I will go through each folder starting with consul.

Consul

With Packer, I copied four (4) files over to a snapshot. Rather than creating snapshots for server and client I just placed all files into the snapshot. The first file:

#! /bin/bash

echo "Configuring Consul\n"

mkdir /tmp/consul

if [ $1 == "server" ]; then
    systemctl enable consul-server.service
    systemctl start consul-server.service
else
    systemctl enable consul-client.service
    systemctl start consul-client.service
    sleep 30
    consul join $2
fi

echo "Configuration of Consul complete\n"
exit 0

is simply a bash script to enable the Consul service depending on type of node. Then the next file:

consul-client.service
[Unit]
Description=Consul client
Wants=network-online.target
After=network-online.target
[Service]
ExecStart= /bin/sh -c "consul agent -data-dir=/tmp/consul -node=agent-c-node_number -bind=$(ip -f inet addr show eth1 | sed -En -e 's/.*inet ([0-9.]+).*/\1/p') -enable-script-checks=true -config-dir=/etc/consul.d"
Restart=always
RestartSec=10
[Install]
WantedBy=multi-user.target

is just the client service for systemd. A good tutorial on systemd can be found on DigitalOcean. The important line is the ExecStart. We basically tell consul to run as a worker node, provide a node name, bind the private ip, enable script checks, and finally define the location of the config file.

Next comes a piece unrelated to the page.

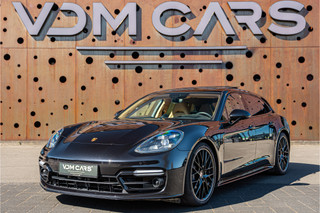 Hoofdafbeelding Porsche Panamera Porsche Panamera Sport Turismo 2.9 4 E-Hybrid Platinum Edition | 360 | PDLS+ | PASM |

The systemd service for servers:

consul-server.service
[Unit]
Description=Consul server
Wants=network-online.target
After=network-online.target
[Service]
ExecStart= /bin/sh -c "consul agent -server -bootstrap-expect=server_count -data-dir=/tmp/consul -node=agent-s-node_number -bind=$(ip -f inet addr show eth1 | sed -En -e 's/.*inet ([0-9.]+).*/\1/p') -enable-script-checks=true -config-file=/root/consul-connect-enable.hcl -config-dir=/etc/consul.d"
Restart=always
RestartSec=10
[Install]
WantedBy=multi-user.target

runs the consul agent in server mode bootstrapping with an expected server count, I use one (1), although we should use three (3) or more servers, and provide a config file:

consul-connect-enable.hcl
{
  "connect" : {
  "enabled": true
  }
}

within the configuration we enable connect.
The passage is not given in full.